The parties involved are individual employees with limited English proficiency who were instructed to sign the Arbitration Agreement without the chance to review translated versions or negotiate its terms. The Stolt-Nielsen ruling did not address who decides arbitration matters, stating only that a party cannot be compelled to engage in class arbitration without a contractual basis for consent. The plaintiffs argue that the confidentiality provision in the Agreement makes it unconscionable and undermines the public policy objectives of the Fair Labor Standards Act (FLSA). The defendants counter that the confidentiality provision does not affect the enforceability of the arbitration agreements and is protected by a saving clause. They also suggest a severability clause could allow the rest of the Agreement to remain enforceable despite any issue with the confidentiality provision. The Court refrains from adjudicating these matters, stating that such issues are for the arbitrator to resolve, including the interpretation of the saving and severability clauses. Consequently, the Court grants the defendants' motion to compel arbitration but denies the request for individual arbitration, indicating that the arbitrator will decide these questions. The case is to be stayed pending arbitration, in line with Second Circuit precedent.

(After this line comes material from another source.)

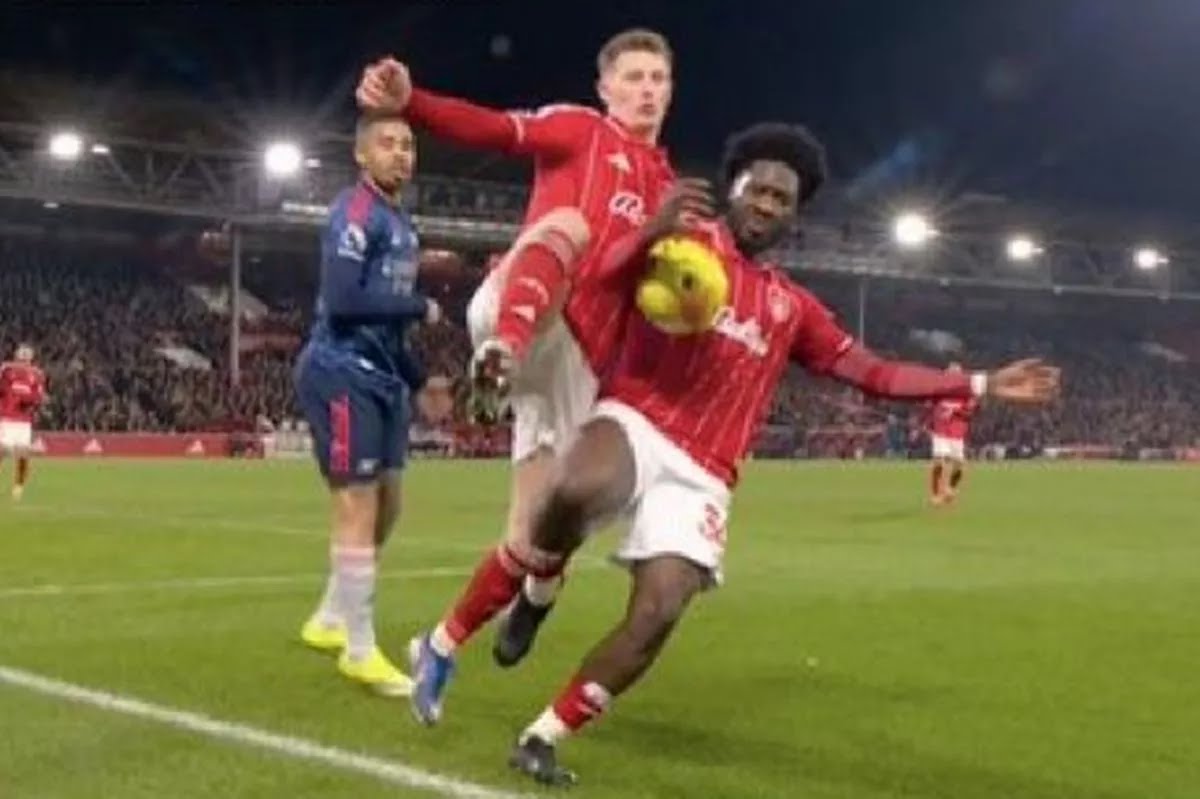 Cover image for Ola Aina gets above average in Arsenal draw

Plaintiff Lip Kuen Moy's declaration opposing the defendants' motion to compel arbitration references the arbitration agreement and asserts that New York law governs the claims at issue. The court, exercising supplemental jurisdiction over New York state law claims, applies New York choice of law rules, which dictate that claims involving conduct regulation are determined by the law of the jurisdiction where the conduct occurred. Since all relevant actions took place in New York, New York law is applied to evaluate the arbitration agreement's validity. The defendants cite two cases, Sutherland v. Ernst & Young LLP and Chen-Oster v. Goldman Sachs & Co., to support their position on class arbitration; however, these cases are deemed irrelevant as they do not address the key question of who decides on class arbitration availability. The court finds no indication in the record that only some claims are arbitrable and, as the parties have not raised this issue, the court chooses not to analyze the fourth Oldroyd factor.